Heal the Sick, Raise the Dead Read online

Page 6


  Over the following few days she had systematically rid the harbour of straggling corpses. Although many had already gone, maybe moving back inland, there had still been some left, dragging their feet across the concrete in the rain. She had always waited until they were separated before moving out quickly, kitted out in her waders and leather jacket in case of attack. Once they had been dispatched she had returned home, pulling the shop’s shutter down quickly to stop any that may have spotted her. When she had been sure the harbour was free of threat she had begun the grim task of clearing the bodies, dragging them over to the harbour edge and pushing them in, whilst also saying a few words for anyone she had recognised. When all the bodies had finally gone the rain had done its share of the work, mercifully washing the blood away. From then on Eliza had stayed inside, slowly going through her dwindling food supplies and trying not to think what the future held for a person alone in a world of the dead.

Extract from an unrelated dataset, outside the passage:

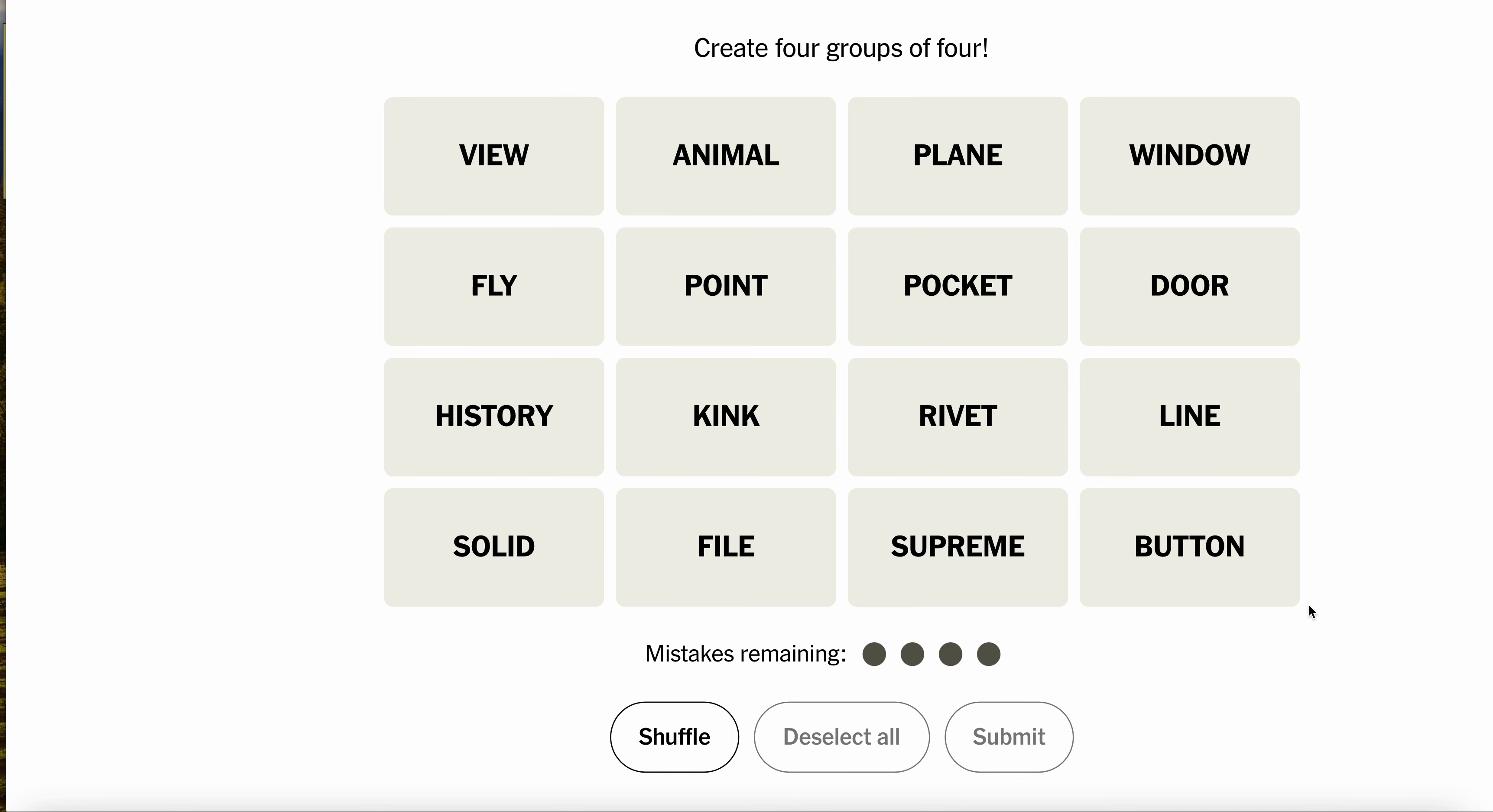All right, four groups of four, New York Times Connections. Let's get that bread. Go for it. Connect four. What can we do?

  And then, a week later, she had heard the yelling.

  “At first I thought you might be Isaac, but I had never even heard him raise his voice. And the arguments, both sides, they were just...manic. Violent too, from the sounds of it,” she said, limping back inside the house.

  “Marcus,” I said, helping her into the study, where she sat down gratefully in the armchair. I pulled up a small stool to rest her leg on, adjusting the support bandages that I had finally managed to apply after all of the carnage in the hallway.

  “Whoever it was, they were loud, angry... and I had to presume also dangerous. I suppose I was right,” she said ruefully rubbing her ankle. “Anyway, I watched you for a day as you went around the house, turning it upside down. I had no idea what you were looking for in the house of an old man...”

  “We just wanted to know a little bit about him, before we could...” I started.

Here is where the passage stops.